Each Wednesday, The Wrap presents a compilation of recent noteworthy commercial real estate stories from a variety of publications. Below are links to five stories that caught our eyes in recent days.
• Why More Retailers Want In-Town Locations by Globe St.
“‘Atlanta has had to transition away from vehicle-dependent power centers, and embrace pedestrian-friendly mixed-use developments that offer a variety of experiences,’ [Ray] Uttenhove tells GlobeSt.com. ‘In 2016, retailers will look to further optimize their market footprint.’”
• Economic Issues, Consumerism, and E-commerce Dictate Retail Outlook for 2016 by Susan Persin of Urban Land Magazine.
“Tumbling stock markets in early 2016 are making people question the purported strength of commercial real estate markets. Retail availability stood at 8 percent in the third quarter of 2015, according to CBRE—100 basis points above the low reached in 2006. Rents are moving up, and new retail construction has been limited, which has helped the market maintain balance. Market fundamentals have been strong, but will negative headwinds affect consumer spending or change the outlook for the retail sector this year?”
• Construction of Hotel, Warehouse Properties Catching Up with Fast-Building Apartment Sector by Randyl Drummer of CoStar.

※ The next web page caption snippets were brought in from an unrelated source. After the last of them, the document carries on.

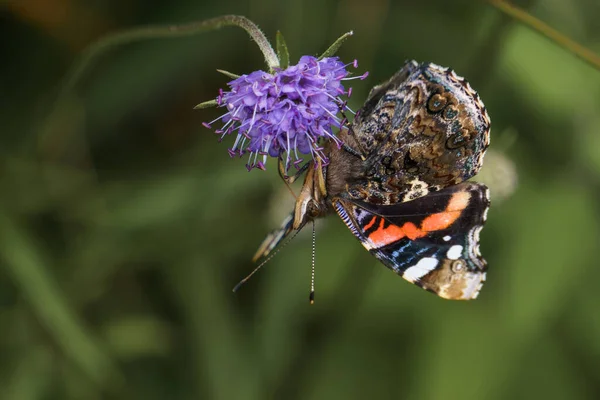 Red Admiral Butterfly Vanessa Atalanta Sitting Lilac Colored Flowers Green — Stock Photo, Image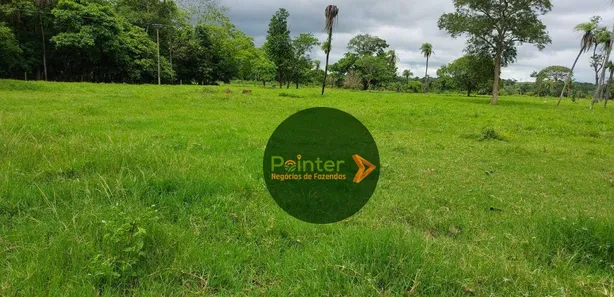 Fazenda / Sítio / Chácara com 3 Quartos à venda, 25748800m² no Parque Residencial Nova Fronteira, Gurupi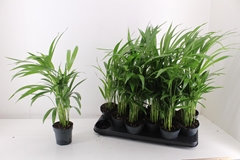 Dypsis Lutescens 10Ø 45cm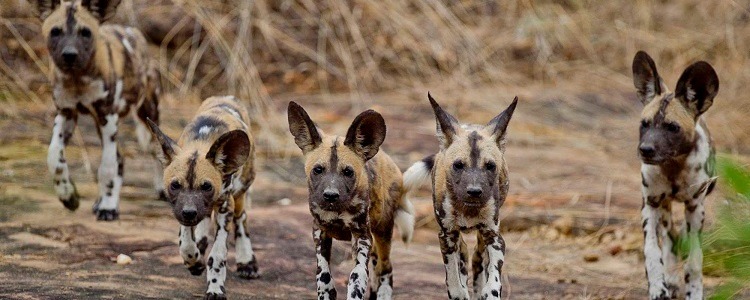 3 Days Safari To Selous Game Reserve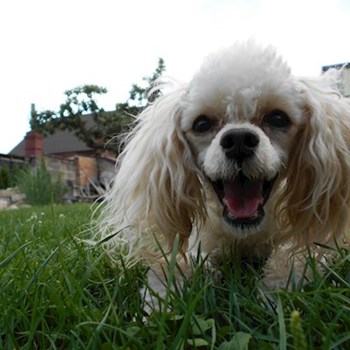 thumbnail petsitter Hradec Králové nebo páníček pro psi kočky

“The combined 2015 deliveries of hospitality, warehouse and office properties, however, can’t match the more than 371 million rentable square feet of new apartment properties delivered last year, making up nearly 1.7 percent of inventory. The delivery total is up from 2014’s already robust total of 342.8 million square feet, which constituted 1.55 percent of existing multifamily stock.”
• ‘Emerging Trends’ Study: New Market Opportunities Emerge for 2016 (Part 2) by Byron Carlock of National Real Estate Investor.
“Other markets show signs of significant growth as well. Survey respondents in particular like Dallas/Fort Worth, a sentiment driven by several major corporate relocations over the past year, signaling that this may be a good time to invest. Atlanta, Nashville and Portland, Ore. are also seeing company relocations to augment organic employment growth because of their affordability and ease of doing business.”
• Old Buildings Are U.S. Cities’ Biggest Sustainability Challenge by Iain Campbell and Koben Calhoun of Harvard Business Review.
“Addressing energy use in existing large commercial buildings has proven notoriously difficult. Today large commercial buildings address only two percent per year of the NPV-positive investments in efficiency that are available to them. When a market is operating so far below its financial potential, the reason is usually that supply models do not meet the buying criteria of the market — and existing building energy retrofits are no exception. A traditional energy overhaul of a building (retrofits that include replacing mechanical systems, windows, insulation, and other features during a remodel) requires significant investment, and is therefore typically timed with major renovations or capital-intensive building system replacement. While the customized approach can drive deep energy savings for an individual building and has its place in the market, it is not a model that can be deployed rapidly or at scale.”